Development and Validation of a Training-Embedded Speaking Assessment Rating Scale: A Multifaceted Rasch Analysis in Speaking Assessment
حوزه های تخصصی:
Performance testing including the use of rating scales has become widespread in the evaluation of second/foreign oral language assessment. However, no study has used Multifaceted Rasch Measurement (MFRM) including the facets of test takers’ ability, raters’ severity, group expertise, and scale category, in one study. 20 EFL teachers scored the speaking performance of 200 test-takers prior and subsequent to a rater training program using an analytic rating scale consisting of fluency, grammar, vocabulary, intelligibility, cohesion, and comprehension categories. The outcome demonstrated that the categories were at different levels of difficulty even after the training program.
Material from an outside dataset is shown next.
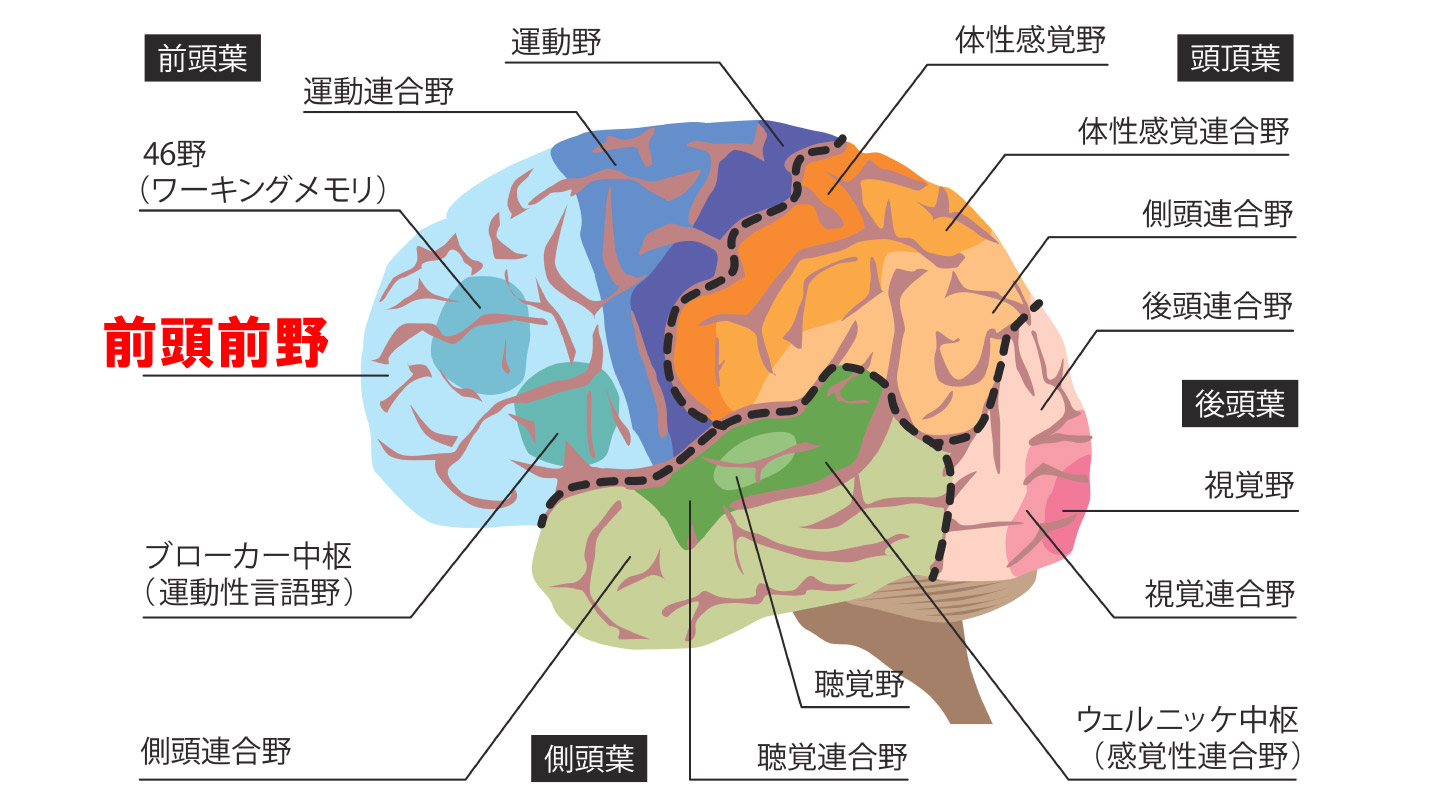 脳卒中と脳梗塞の違いとは？専門医が明かす包含関係と救命の前兆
However, this outcome by no means indicated the uselessness of the training program since data analysis reflected the constructive influence of training in providing enough consistency in raters’ rating of each category of the rating scale at the post-training phase. Such an outcome indicated that raters could discriminate the various categories of the rating scale. The outcomes also indicated that MFRM can result in enhancement in rater training and functionality validation of the rating scale descriptors. The training helped raters use the descriptors of the rating scale more efficiently of its various band descriptors resulting in a reduced halo effect. The findings conveyed that stakeholders had better establish training programs to assist raters in better use of the rating scale categories of various levels of difficulty in an appropriate way. Further research could be done to make a comparative analysis between the outcome of this study and the one using a holistic rating scale in oral assessment.